• _DATA_:

Start of Block

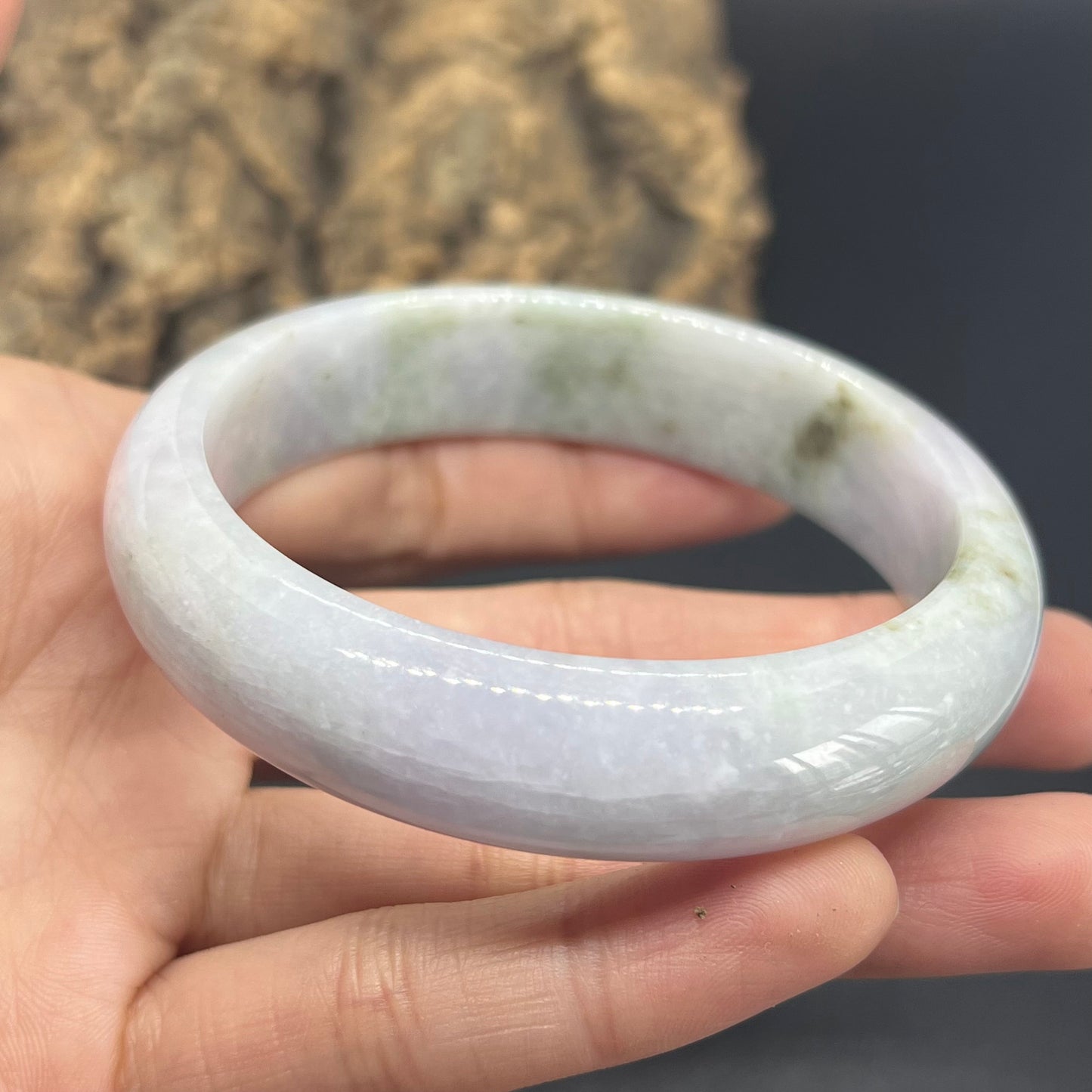 58,6 mm natürlicher grüner Jade-Rundarmreif der Güteklasse A, Damenarmband aus Myanmar-Jadeit, eisgrüner Stein Typ A, kleiner Hand-Frauenarmreif 翡翠飘花手镯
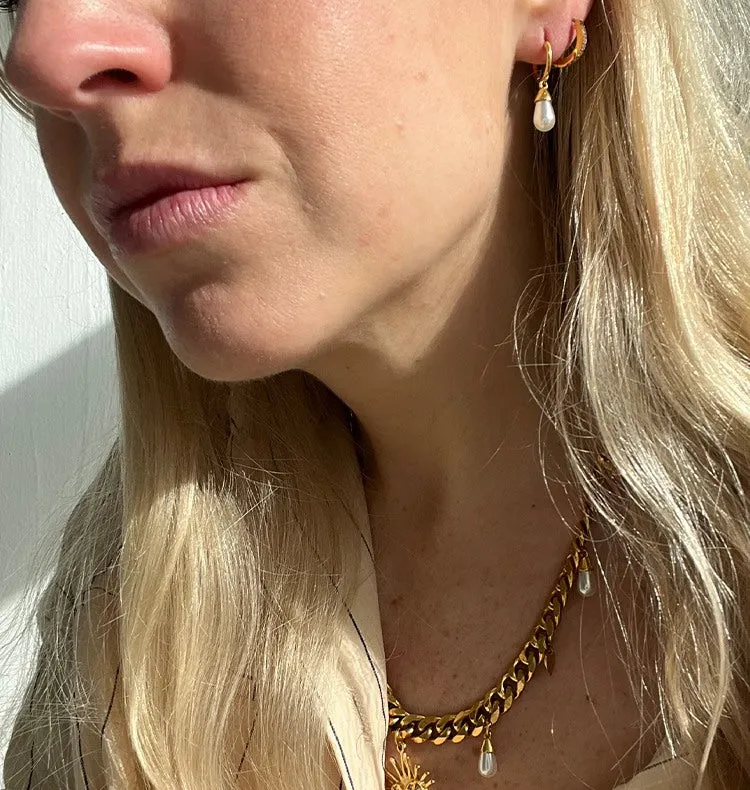 Wos Veja Drop singeløredobb gull perle
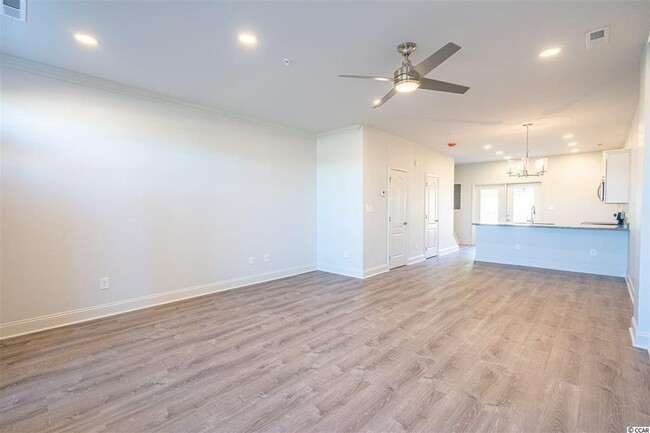 Building Photo - 3530 Pampas Dr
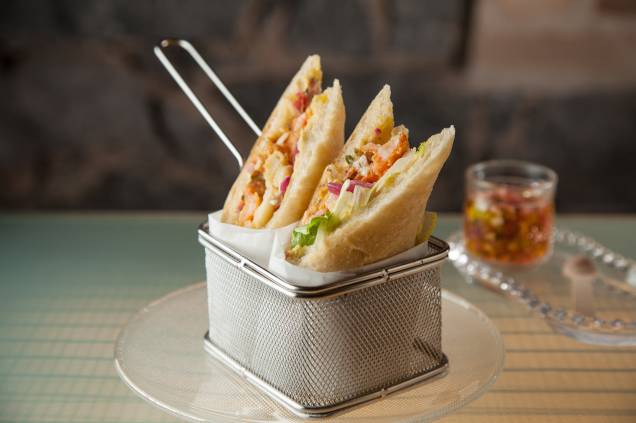 Poboy: inspirado na Louisiana, o poboy vem na ciabatta com lula e camarão fritos, picles de cebola-roxa, alface e maionese de salsão mais vinagrete de maçã à parte Poboy: inspirado na Louisiana, o poboy vem na ciabatta com lula e camarão fritos, picles de cebola-roxa, alface e maionese de salsão mais vinagrete de maçã à parte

End of Block

• _INSTRUCTIONS FOR THE TASK_:
From the first line to the last, copy the listing above exactly and leave out the images.

• _REPLY_:
 58,6 mm natürlicher grüner Jade-Rundarmreif der Güteklasse A, Damenarmband aus Myanmar-Jadeit, eisgrüner Stein Typ A, kleiner Hand-Frauenarmreif 翡翠飘花手镯
 Wos Veja Drop singeløredobb gull perle
 Building Photo - 3530 Pampas Dr
 Poboy: inspirado na Louisiana, o poboy vem na ciabatta com lula e camarão fritos, picles de cebola-roxa, alface e maionese de salsão mais vinagrete de maçã à parte Poboy: inspirado na Louisiana, o poboy vem na ciabatta com lula e camarão fritos, picles de cebola-roxa, alface e maionese de salsão mais vinagrete de maçã à parte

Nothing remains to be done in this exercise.